High Fat in Mediterranean Diet Won't Increase Body Weight

By R. Siva Kumar - 10 Jun '16 10:31AM

A new study conducted by University of Barcelona in Spain shows that healthy fat intake does not automatically lead to increase in weight. Mediterranean diet could include foods that may have healthy fat, but do not include sweets and junk food.

This diet was spread by Greece, Southern Italy, and Spain in the 1940s and 1950s. It investigated over 7,400 women and men in Spain aged between 55 to 80 years. Participants in the test were exposed to one of three tests: firstly, unlimited calorie Mediterranean diet that was rich in olive oil; an unrestricted-calorie Mediterranean diet full of nuts; or a low-fat diet without any dietary fat.
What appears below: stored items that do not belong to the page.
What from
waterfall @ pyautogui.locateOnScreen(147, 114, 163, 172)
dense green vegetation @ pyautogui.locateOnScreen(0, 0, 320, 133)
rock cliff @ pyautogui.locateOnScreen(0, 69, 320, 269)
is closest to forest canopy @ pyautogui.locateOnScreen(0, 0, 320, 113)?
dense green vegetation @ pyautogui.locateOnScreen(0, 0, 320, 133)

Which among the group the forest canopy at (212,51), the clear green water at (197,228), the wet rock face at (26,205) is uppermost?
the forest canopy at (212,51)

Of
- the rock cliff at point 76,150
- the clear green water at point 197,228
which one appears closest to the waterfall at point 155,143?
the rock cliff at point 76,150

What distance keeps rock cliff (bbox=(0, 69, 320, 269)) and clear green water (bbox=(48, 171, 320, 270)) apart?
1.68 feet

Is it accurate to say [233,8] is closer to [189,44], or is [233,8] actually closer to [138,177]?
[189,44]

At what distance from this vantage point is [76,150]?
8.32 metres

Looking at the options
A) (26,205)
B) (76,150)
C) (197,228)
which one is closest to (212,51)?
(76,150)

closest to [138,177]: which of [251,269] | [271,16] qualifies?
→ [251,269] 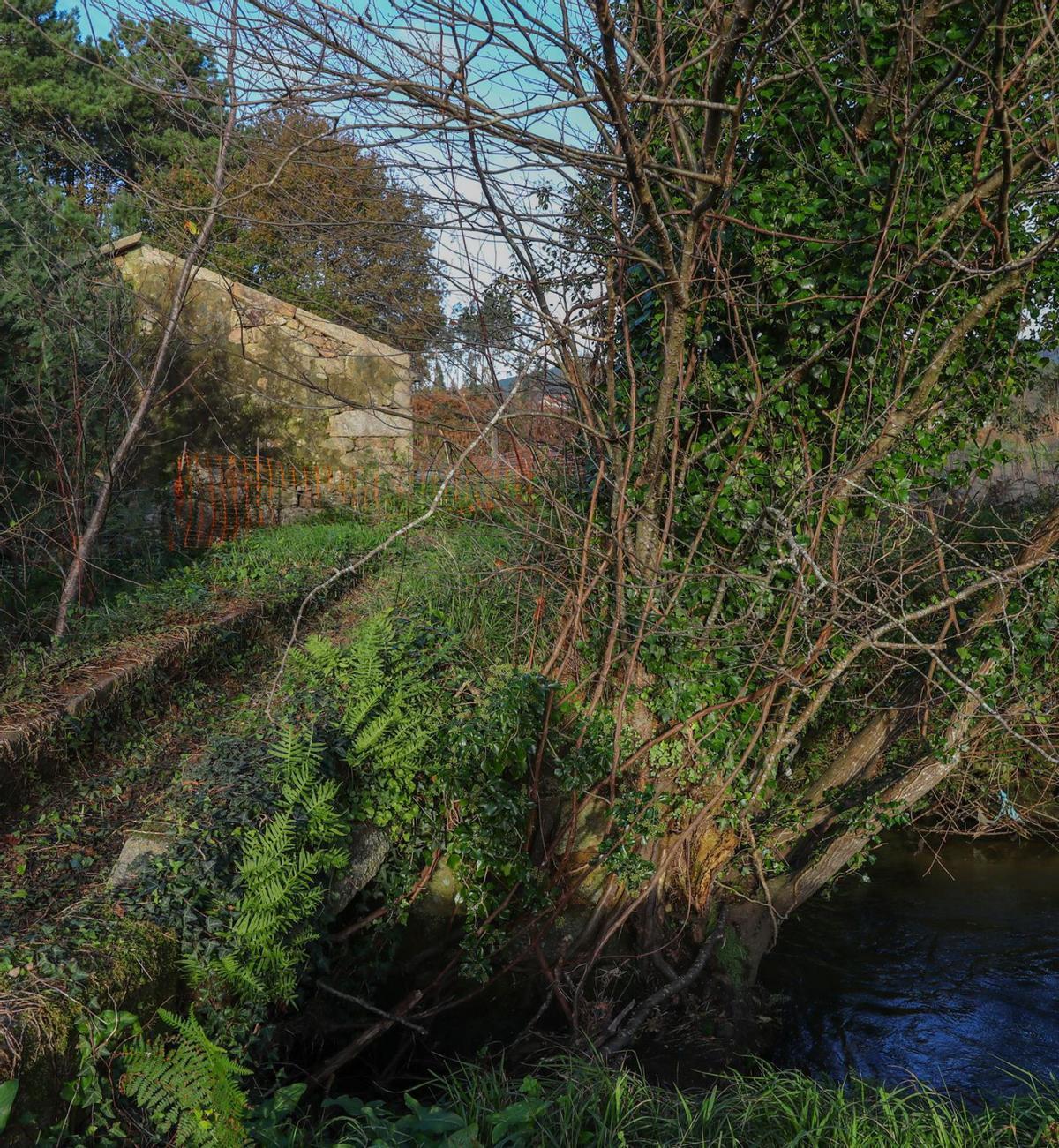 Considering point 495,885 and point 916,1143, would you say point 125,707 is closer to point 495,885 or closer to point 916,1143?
point 495,885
Above 90 percent of the participants were obese.

The results after five years showed that participants who had been assigned to the Mediterranean diet as well as extra-virgin olive oil and nuts lost 0.88 kg and 0.40 kg while the third group on low-fat control diet lost 0.60 kg.

"In a model that adjusted for multiple variables, including baseline body mass index and total energy consumption, those assigned to the Mediterranean diet plus extra-virgin olive oil lost 0.43 kg more weight than did controls, a difference that was statistically significant. For those assigned to the Mediterranean diet supplemented with nuts, the multivariable-adjusted difference in body weight versus the control arm was not statistically outstanding."

"These results have practical implications, because the fear of weight gain from high fat foods need no longer be an obstacle to adherence to a dietary pattern such as the Mediterranean diet, which is known to provide much clinical and metabolic benefit," write Ramon Estruch, MD, PhD, from CIBER OBN-University, Barcelona.

"They are also relevant for public health, because they lend support to not restricting intake of healthy fats in advice for bodyweight maintenance and overall cardiometabolic health, as acknowledged by the Dietary Guidelines for Americans 2015 Advisory Committee," they add.

People on the Mediterranean diet also consumed more vegetables, fruit and fish and less meat and dairy products than those on the low-fat diet. Hence, even though they were not asked to consume fewer calories, those in the Mediterranean category lost slightly more weight than others in the low-fat group.

The report was published June 6 in The Lancet Diabetes & Endocrinology.